A software engineer at Indian cryptocurrency exchange CoinDCX has been arrested in connection with a major security breach that led to a loss of $44 million in digital assets. The arrest follows an internal investigation and a complaint filed by CoinDCX operator Neblio Technologies.
Engineer’s Credentials Allegedly Compromised
Rahul Agarwal, a 30-year-old staff engineer at CoinDCX, was taken into custody by Bengaluru police after it was discovered that hackers had gained access to the exchange’s systems using his work credentials. The breach reportedly occurred through Agarwal’s office-issued laptop, which authorities believe became infected with malware after he was tricked into installing it.

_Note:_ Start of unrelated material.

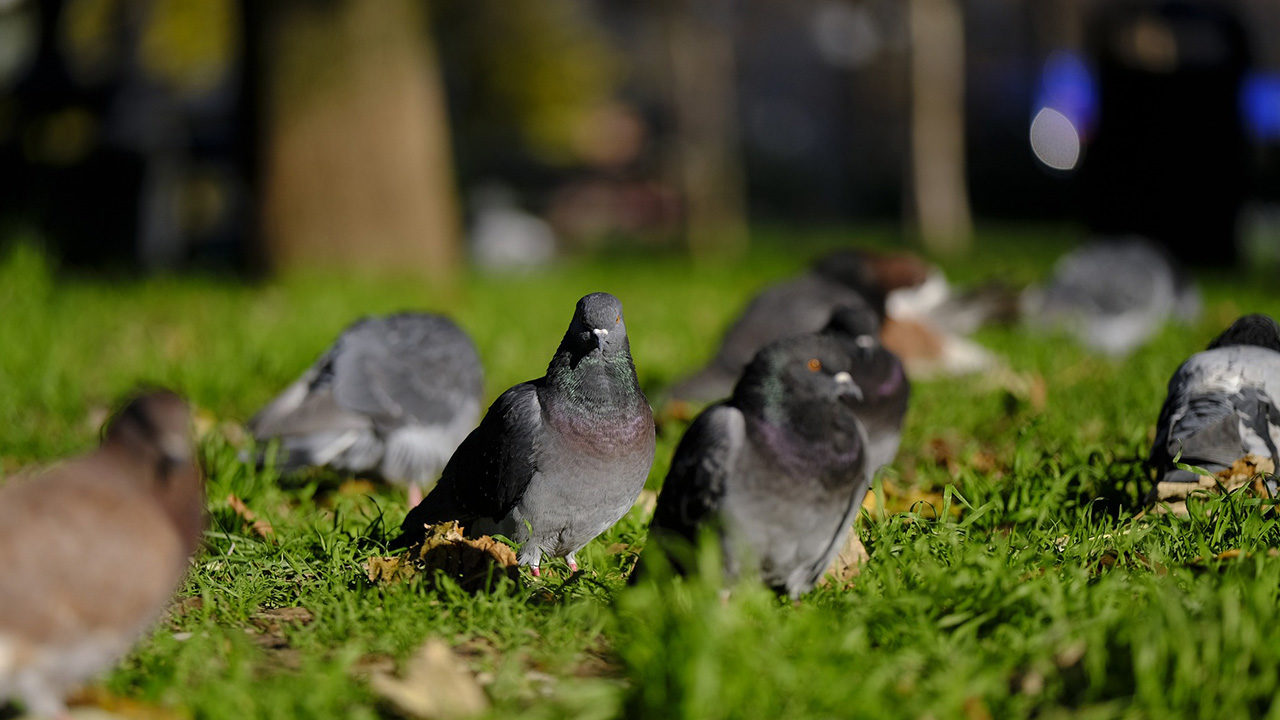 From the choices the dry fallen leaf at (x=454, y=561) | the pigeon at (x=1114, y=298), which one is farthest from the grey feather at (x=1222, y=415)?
the pigeon at (x=1114, y=298)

CoinDCX officials have suggested that the breach was likely the result of a sophisticated social engineering attack, which targeted Agarwal to obtain access to internal accounts. The company emphasised that such attacks are designed to deceive employees and bypass traditional cybersecurity measures.
$44 Million Siphoned Overnight
The hack took place during the night of 19 July, when unauthorised access was detected on the company’s servers. Initial suspicious activity involved a small transfer of 1 USDT (Tether stablecoin), followed by a massive outflow of $44 million to six separate crypto wallets.
CoinDCX co-founder and CEO Sumit Gupta confirmed the breach in a public post on X (formerly Twitter), stating that the hack targeted an internal account used for liquidity operations with another exchange. He assured the public that no user funds were affected and that the impacted account was isolated from customer assets.
Company Urges Caution Amid Ongoing Probe
In response to widespread media interest, CoinDCX has declined to comment directly on the arrest. Instead, Gupta urged the public and press to avoid speculation. “We urge the media and the public to avoid speculation or the circulation of unverified information, as it may impede the ongoing investigation,” he said.
A spokesperson for the company reiterated this position, noting that the internal findings point to a highly targeted attack and that CoinDCX is working closely with law enforcement agencies to uncover the full details of the breach.
Employee’s Background and Activities Under Scrutiny
According to reports in The Times of India and The Indian Express, Agarwal had been working with CoinDCX for over two years. His LinkedIn profile indicates he joined as a senior software engineer in May 2023 and was promoted to staff engineer in April 2025. While his role was initially remote, he later transitioned to working on-site in Bengaluru.
During the investigation, Agarwal reportedly admitted to undertaking freelance work for up to four private clients while employed at CoinDCX, a potential violation of company policy. However, he denied any involvement in the hack itself.
Internal Breach Raises Industry-Wide Concerns
This incident highlights the growing risk of social engineering attacks within the crypto sector. With increasing reliance on remote and hybrid work environments, even internal accounts can become major vulnerabilities if proper security protocols are not rigorously maintained.
CoinDCX’s swift internal investigation and the subsequent arrest underscore the seriousness of the breach. As investigations continue, further details are expected to emerge about how hackers gained access to the company’s infrastructure through what appears to be a targeted malware operation.